[Data excerpts]
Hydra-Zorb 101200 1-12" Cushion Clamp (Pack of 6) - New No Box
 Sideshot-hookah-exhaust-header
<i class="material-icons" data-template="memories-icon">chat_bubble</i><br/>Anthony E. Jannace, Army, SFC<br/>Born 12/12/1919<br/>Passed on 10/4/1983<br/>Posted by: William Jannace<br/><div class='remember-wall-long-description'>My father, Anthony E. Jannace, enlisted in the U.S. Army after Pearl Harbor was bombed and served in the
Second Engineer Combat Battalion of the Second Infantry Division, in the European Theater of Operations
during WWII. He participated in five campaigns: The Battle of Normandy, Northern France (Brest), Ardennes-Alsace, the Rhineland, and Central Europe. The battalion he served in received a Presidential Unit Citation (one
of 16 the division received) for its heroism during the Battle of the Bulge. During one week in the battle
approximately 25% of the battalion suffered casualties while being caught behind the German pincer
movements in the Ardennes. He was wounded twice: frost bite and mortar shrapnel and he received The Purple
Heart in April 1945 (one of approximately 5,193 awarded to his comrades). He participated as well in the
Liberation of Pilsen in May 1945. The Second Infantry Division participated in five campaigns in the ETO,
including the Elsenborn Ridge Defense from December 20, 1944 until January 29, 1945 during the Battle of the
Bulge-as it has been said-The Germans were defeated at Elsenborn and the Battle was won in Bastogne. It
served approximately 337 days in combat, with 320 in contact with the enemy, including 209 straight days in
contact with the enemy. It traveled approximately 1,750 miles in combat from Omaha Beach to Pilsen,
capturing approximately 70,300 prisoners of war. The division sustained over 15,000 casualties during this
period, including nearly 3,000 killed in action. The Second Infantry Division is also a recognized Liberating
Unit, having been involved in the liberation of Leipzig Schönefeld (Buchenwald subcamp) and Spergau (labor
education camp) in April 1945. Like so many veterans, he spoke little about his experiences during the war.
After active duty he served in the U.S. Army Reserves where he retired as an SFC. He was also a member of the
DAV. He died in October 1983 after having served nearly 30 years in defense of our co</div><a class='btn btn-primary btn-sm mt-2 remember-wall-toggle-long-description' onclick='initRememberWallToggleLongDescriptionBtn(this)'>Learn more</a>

### WHAT THE TASK ASKS
Transcribe exactly, and only, the lines from the one bearing "Bulge-as it has" through the last line of the entries, counting both.

### REPLY
Bulge-as it has been said-The Germans were defeated at Elsenborn and the Battle was won in Bastogne. It
served approximately 337 days in combat, with 320 in contact with the enemy, including 209 straight days in
contact with the enemy. It traveled approximately 1,750 miles in combat from Omaha Beach to Pilsen,
capturing approximately 70,300 prisoners of war. The division sustained over 15,000 casualties during this
period, including nearly 3,000 killed in action. The Second Infantry Division is also a recognized Liberating
Unit, having been involved in the liberation of Leipzig Schönefeld (Buchenwald subcamp) and Spergau (labor
education camp) in April 1945. Like so many veterans, he spoke little about his experiences during the war.
After active duty he served in the U.S. Army Reserves where he retired as an SFC. He was also a member of the
DAV. He died in October 1983 after having served nearly 30 years in defense of our co</div><a class='btn btn-primary btn-sm mt-2 remember-wall-toggle-long-description' onclick='initRememberWallToggleLongDescriptionBtn(this)'>Learn more</a>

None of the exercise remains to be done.